* **How to complete this task**:
The required output is every line from the one with "Kitchen - 3406" through the final line of the data below, unchanged.

Scraped caption text data:
_ _ _ _ _ _ _
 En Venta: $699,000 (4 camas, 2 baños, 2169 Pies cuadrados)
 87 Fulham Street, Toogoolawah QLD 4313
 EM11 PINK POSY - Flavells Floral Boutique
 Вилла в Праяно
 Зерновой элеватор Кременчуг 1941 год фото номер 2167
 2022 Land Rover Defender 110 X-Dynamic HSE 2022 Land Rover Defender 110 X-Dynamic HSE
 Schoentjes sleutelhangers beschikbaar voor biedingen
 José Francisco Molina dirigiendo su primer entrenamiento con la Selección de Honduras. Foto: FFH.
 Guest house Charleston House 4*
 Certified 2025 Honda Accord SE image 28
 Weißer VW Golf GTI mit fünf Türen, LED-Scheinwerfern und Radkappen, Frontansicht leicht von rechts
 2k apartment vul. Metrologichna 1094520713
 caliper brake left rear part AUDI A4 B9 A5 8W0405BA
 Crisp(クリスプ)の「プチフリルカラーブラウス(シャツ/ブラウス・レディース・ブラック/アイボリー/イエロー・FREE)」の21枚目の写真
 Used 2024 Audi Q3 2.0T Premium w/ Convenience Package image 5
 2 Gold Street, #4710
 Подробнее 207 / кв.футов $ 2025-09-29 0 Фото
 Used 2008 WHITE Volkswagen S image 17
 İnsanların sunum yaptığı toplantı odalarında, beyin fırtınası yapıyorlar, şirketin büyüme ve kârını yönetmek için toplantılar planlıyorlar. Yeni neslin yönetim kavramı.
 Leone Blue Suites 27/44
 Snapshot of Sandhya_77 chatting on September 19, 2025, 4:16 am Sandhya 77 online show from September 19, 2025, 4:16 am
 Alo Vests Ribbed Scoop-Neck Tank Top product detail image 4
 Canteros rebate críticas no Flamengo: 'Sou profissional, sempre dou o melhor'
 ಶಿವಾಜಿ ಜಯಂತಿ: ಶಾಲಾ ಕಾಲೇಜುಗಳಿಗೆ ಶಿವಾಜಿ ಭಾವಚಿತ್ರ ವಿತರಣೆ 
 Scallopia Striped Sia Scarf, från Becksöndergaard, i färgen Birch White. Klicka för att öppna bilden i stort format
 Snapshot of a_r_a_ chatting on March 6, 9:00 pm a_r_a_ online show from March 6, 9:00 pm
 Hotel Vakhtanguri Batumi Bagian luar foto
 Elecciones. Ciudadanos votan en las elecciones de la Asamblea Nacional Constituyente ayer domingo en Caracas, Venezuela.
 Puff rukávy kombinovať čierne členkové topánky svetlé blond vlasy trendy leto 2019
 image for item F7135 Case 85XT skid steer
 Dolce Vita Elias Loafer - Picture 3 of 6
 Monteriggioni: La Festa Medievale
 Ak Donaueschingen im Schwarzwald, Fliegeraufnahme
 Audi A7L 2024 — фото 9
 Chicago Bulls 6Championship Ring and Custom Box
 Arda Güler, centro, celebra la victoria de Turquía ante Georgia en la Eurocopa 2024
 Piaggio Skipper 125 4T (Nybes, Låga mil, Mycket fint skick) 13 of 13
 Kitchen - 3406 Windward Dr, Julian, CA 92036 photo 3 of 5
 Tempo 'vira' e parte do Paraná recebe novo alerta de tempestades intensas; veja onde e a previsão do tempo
_ _ _ _ _ _ _
* **Response to the task**:
 Kitchen - 3406 Windward Dr, Julian, CA 92036 photo 3 of 5
 Tempo 'vira' e parte do Paraná recebe novo alerta de tempestades intensas; veja onde e a previsão do tempo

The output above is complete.